Cannot get a simple Evaluation to work as intended

How severe does this issue affect your experience of using Ray?

  • High: It blocks me to complete my task.

I have a saved checkpoint from training, and I would like to run just evaluation episodes now with exploration set to False (which I have configured correctly). The problem is that I am unable to control the number of episodes for which this happens.
.
.
.
policy_conf[‘evaluation_interval’] = 1 # every 1 episode?
policy_conf[‘evaluation_duration’] = 1 # for 1 episode
policy_conf[‘evaluation_duration_unit’] = ‘episodes’
.
.
.

stop = {
“episodes_total”: 1,
}

result = tune.run(
‘PPO’,
name=‘ma-pheromone’,
config=policy_conf,
metric=‘episode_reward_mean’,
mode=‘max’,
trial_name_creator=trial_str_creator,
stop=stop,
verbose=1,
log_to_file=(‘test.log’,‘error.log’),
local_dir=‘./tune-eval-results’,
restore=‘./tune-results/ma-pheromone/PPO-_100-2-4-1000.0-0.1-0.1-0-1__0_2022-08-23_20-23-55/checkpoint_000030/checkpoint-30’,
num_samples=10,
)

I have set the evaluation duration to 1 and even the stop condition for episodes_total to 1. I don’t understand why I am unable to do a simple evaluation of 10 episodes, so I tried to just stick to run 1 episode of evaluation but it just does not work. I set num_samples to 10 because I want to repeat the evaluation 10 times for consistency. Please help me.

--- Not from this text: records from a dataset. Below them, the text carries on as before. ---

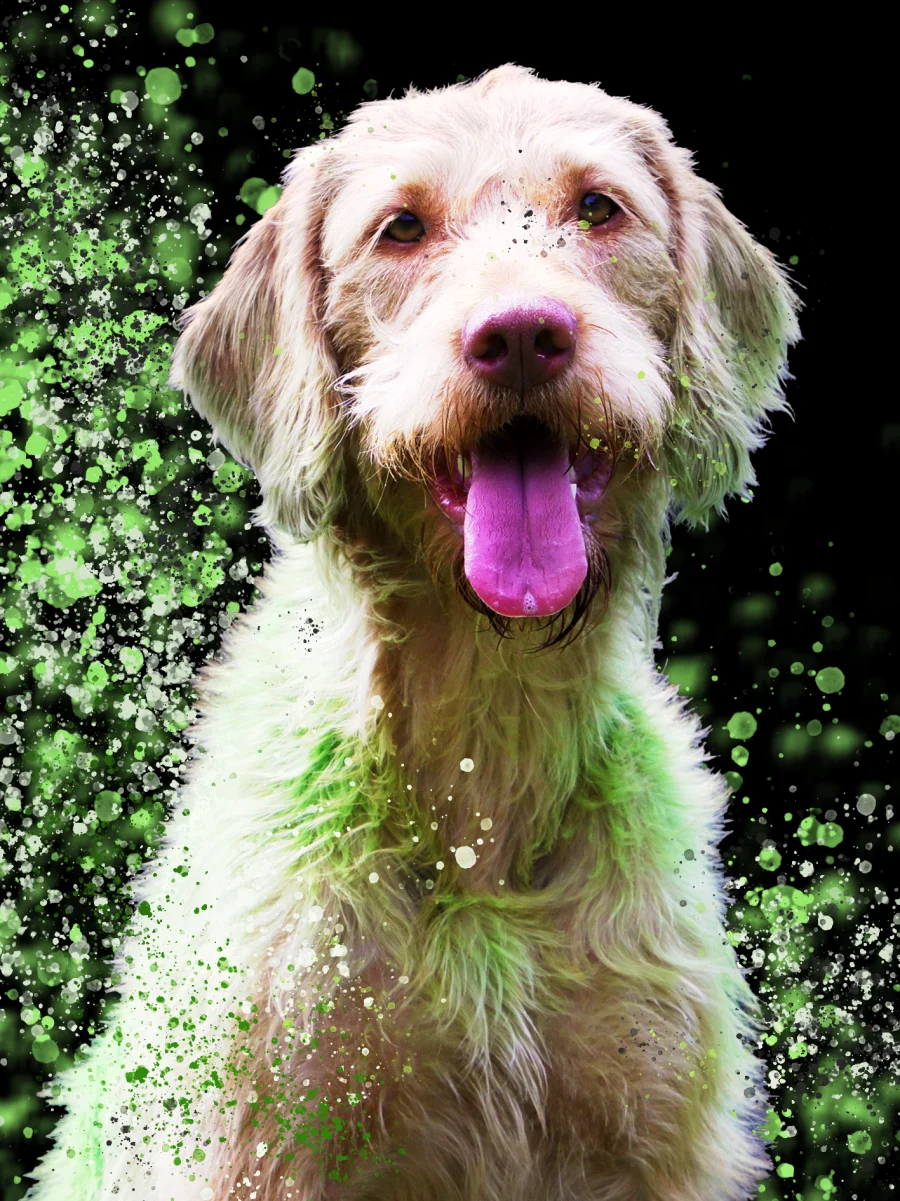 Dogrelation – eine besondere Beziehung zwischen Mensch und Hund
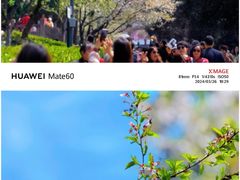 -武汉大学-樱园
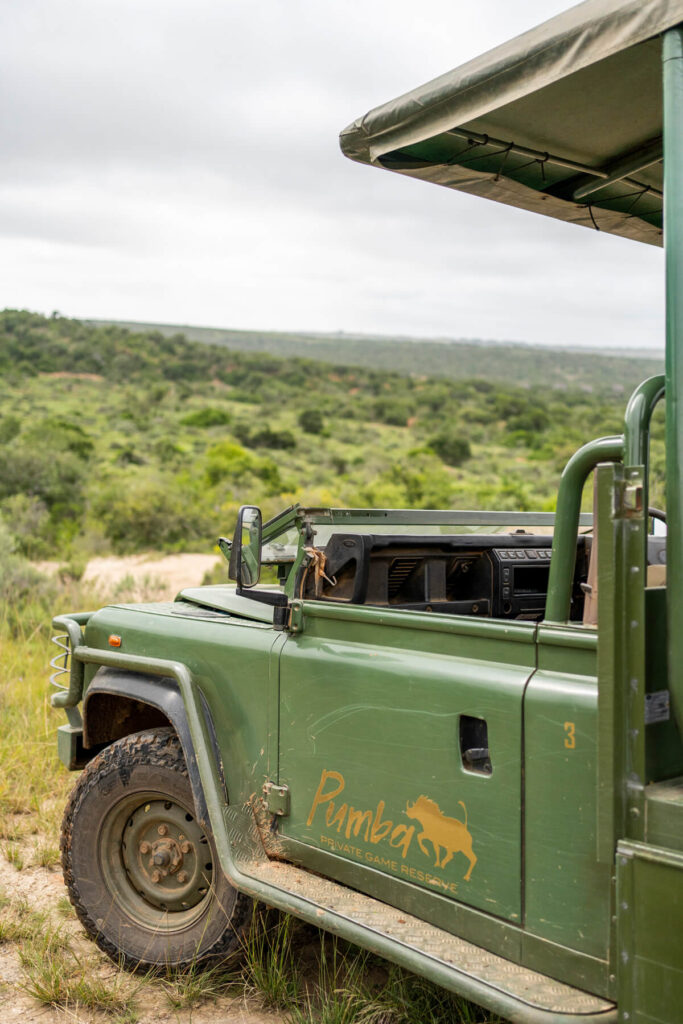 Pumba Private Reserve Safari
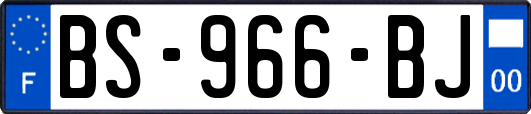 BS-966-BJ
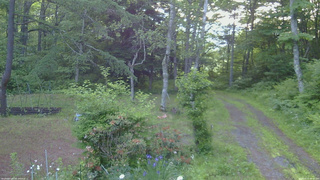 長野県菅平高原 ゆたか山荘 坂上 2026/06/17 05:00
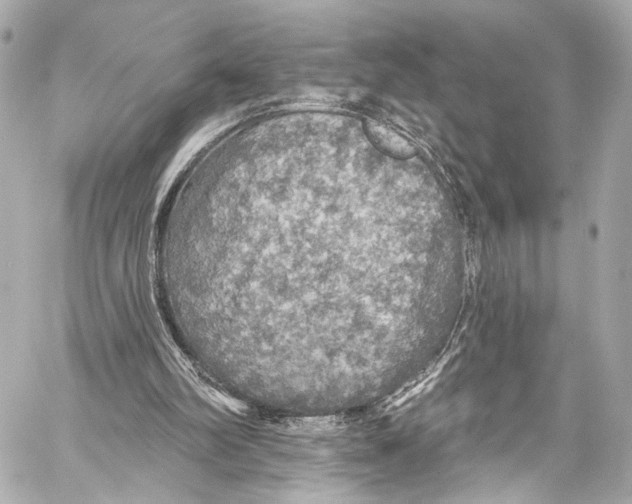 X0000057070102200510071443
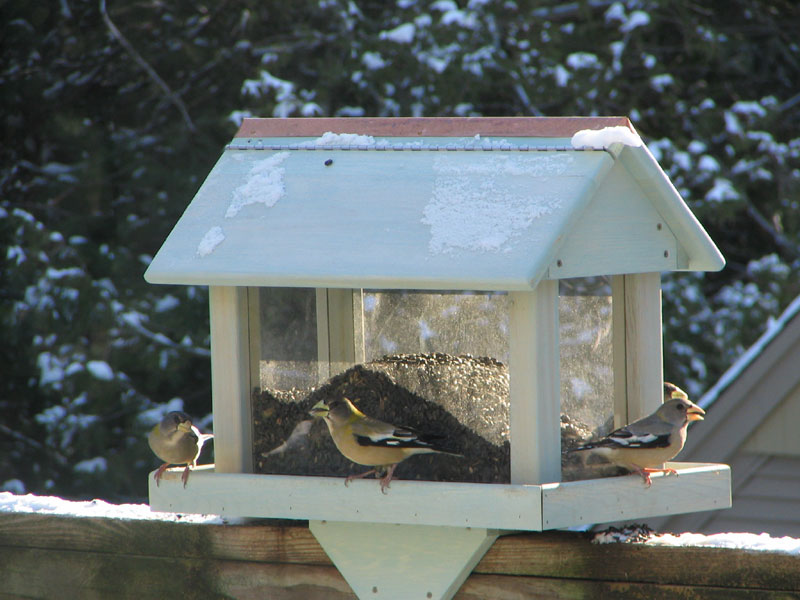 large capacity white cedar bird Feeders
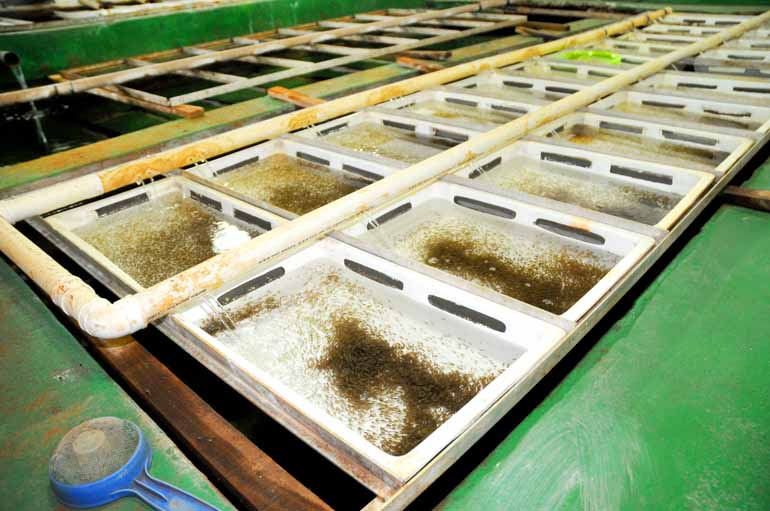Empresa de Rolândia produziu 85 milhões de alevinos no ano passado Empresa de Rolândia produziu 85 milhões de alevinos no ano passado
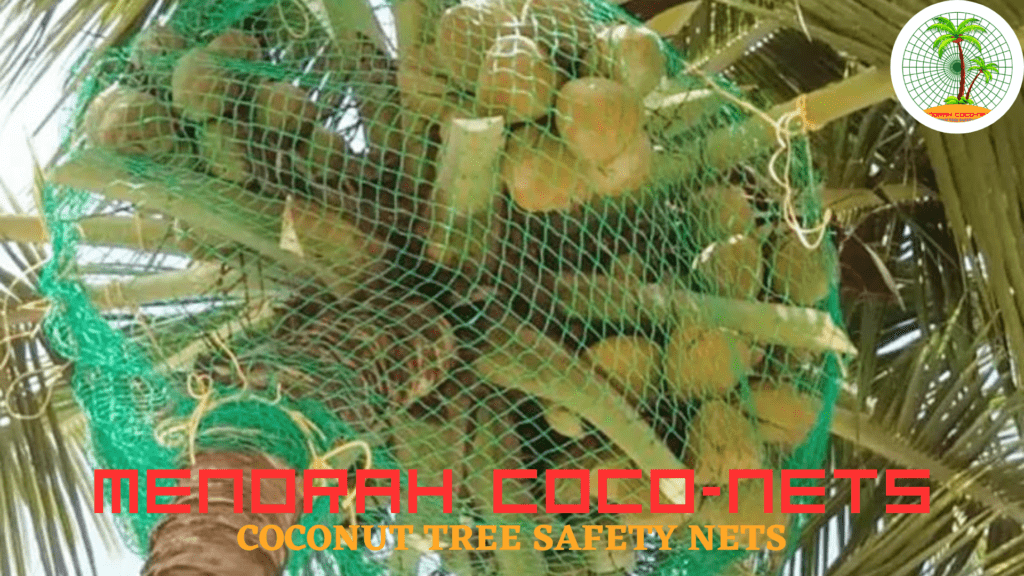coconut tree safety nets - menorah coconets
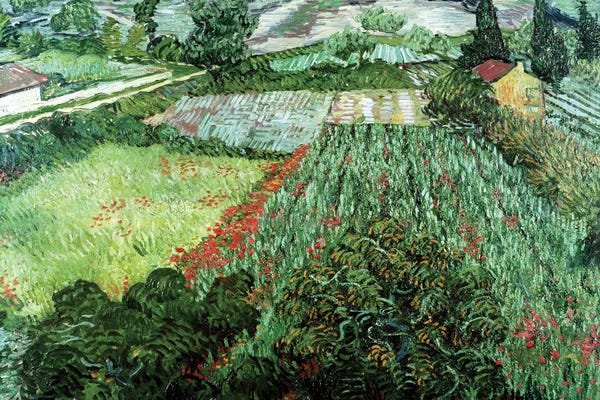 Post-Impressionism: Field with Poppies, 1889  by Vincent van Gogh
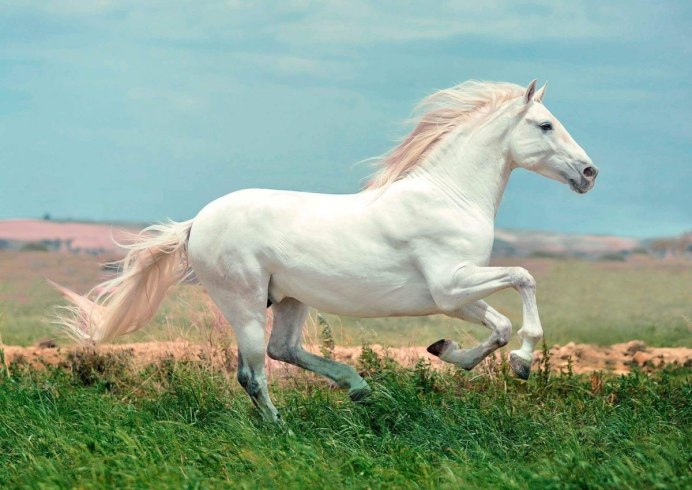 Белая лошадь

It looks like you are using tune to evaluate. The stop condition you set does not apply to evaluated episodes but to trained episodes.. Try using the algorithm’s evaluate function instead, since you don’t seem to be interesting in training and therefore not interested in tuning anything here.

I have tried in the past and I have had trouble using evaluate. Also, not very sure where the evaluation results get stored on the system for visualization. Any workaround to keep using tune but for evaluation?

This is a bug. I had the same behavior that the number of episodes was more than the evaluation_duration that was specified. This is fixed in Ray 2.0.0.
See also: [RLlib] Excessive evaluation if rollout_fragment_length < timesteps_per_iteration · Issue #27821 · ray-project/ray · GitHub

@hridayns The results would not be visualized. But you can record the statistics yourself and for most metrics an average will suffice - and does not need visualization. Maybe you can calculate percentiles of distributions of rewards or something like that.

@RaymondK Are you sure that this is the referenced bug or even a bug? The way I understand hridayns is what I would expect to happen.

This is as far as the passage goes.